The company struck a different tone from just two months ago, when chief executive Brian T. Moynihan said the bank was meeting those disputes with "hand-to-hand combat." On Friday, such language was absent. Instead, the bank explained that it was setting far more money aside for the troubles it could be facing ahead.
The bank's earnings included some signs that Bank of America is recovering along with the nation's economy. The soured loans it had issued to businesses and homeowners, for instance, declined by 5 percent from the fall and 9 percent from a year earlier.
Still, the earnings report overall left investors with a deepening concern, said Shannon Stemm, an analyst with the brokerage Edward Jones. They knocked down the company's share price Friday by 2 percent.
Stemm said investors wonder: Is Bank of America "emerging as the bank that's continuing to struggle as opposed to peers who basically seem to be progressing back to normal faster?"
Bank of America was the last of the U.S. banking giants to issue its year-end financial results. These companies continue to contend with fallout from the financial crisis.
Borrowers continue to default on loans. Allegations of robo-signing and other irregularities in foreclosure practices have made it harder for the banks to evict delinquent homeowners, sell the houses and cut their losses. Government investigations loom.
Despite these problems, Wells Fargo and J.P. Morgan Chase showed sharply improved profits, while Bank of America stumbled again into the red.
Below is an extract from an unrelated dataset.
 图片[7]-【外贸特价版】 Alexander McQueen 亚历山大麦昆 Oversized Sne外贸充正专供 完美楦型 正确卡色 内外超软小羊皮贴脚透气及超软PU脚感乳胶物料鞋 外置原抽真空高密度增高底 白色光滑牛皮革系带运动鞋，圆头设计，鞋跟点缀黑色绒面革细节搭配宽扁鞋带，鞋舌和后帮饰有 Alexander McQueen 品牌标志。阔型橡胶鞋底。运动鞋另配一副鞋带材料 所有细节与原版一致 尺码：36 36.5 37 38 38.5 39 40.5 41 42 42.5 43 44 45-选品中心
Bank of America dug itself into an especially deep hole by taking over Countrywide Financial, one of the most prolific issuers of problem loans, in 2008. It faces expensive lawsuits from mortgage investors who say the bank misrepresented the quality of the loans when it sold them. Now those investors are trying to get their money back.
In the quarterly financial report it released Friday, Bank of America gave new indications of these potential costs.
It put $1.5 billion in reserve to cover potential judgments or settlements from litigation. That was more than triple the amount the bank set aside for litigation during the third quarter of 2010. It also set aside more than $4 billion to buy back bad mortgages, more than four times the amount it reserved in the third quarter.
In addition, the bank said in the future it could have to pay $7 billion to $10 billion to private claimants - beyond what it has already put in reserve.
Those numbers are the high end of the bank's possible liability, not the probable outcome, Noski said in the conference call.
Some analysts and investors have worried that the bill could be much bigger. The bank did not say how it came up with its estimate, making it hard for investors to make independent assessments.
Analyst David Hilder of Susquehanna Financial Group estimated that the bank is likely to pay less than $5 billion in such future claims.
Though it would bite into Bank of America's earnings, the bank could handily absorb even the upper end of its estimate, Hilder said.
"I would view it as, at most, a minor financial impact - somewhere between a parking ticket and a speeding ticket," Hilder said.
Bank of America announced this month that it took a significant step toward containing the damage, agreeing to pay $2.8 billion to Fannie Mae and Freddie Mac. Those investors are operating as wards of the government, and the payment contributed to the bank's fourth-quarter loss.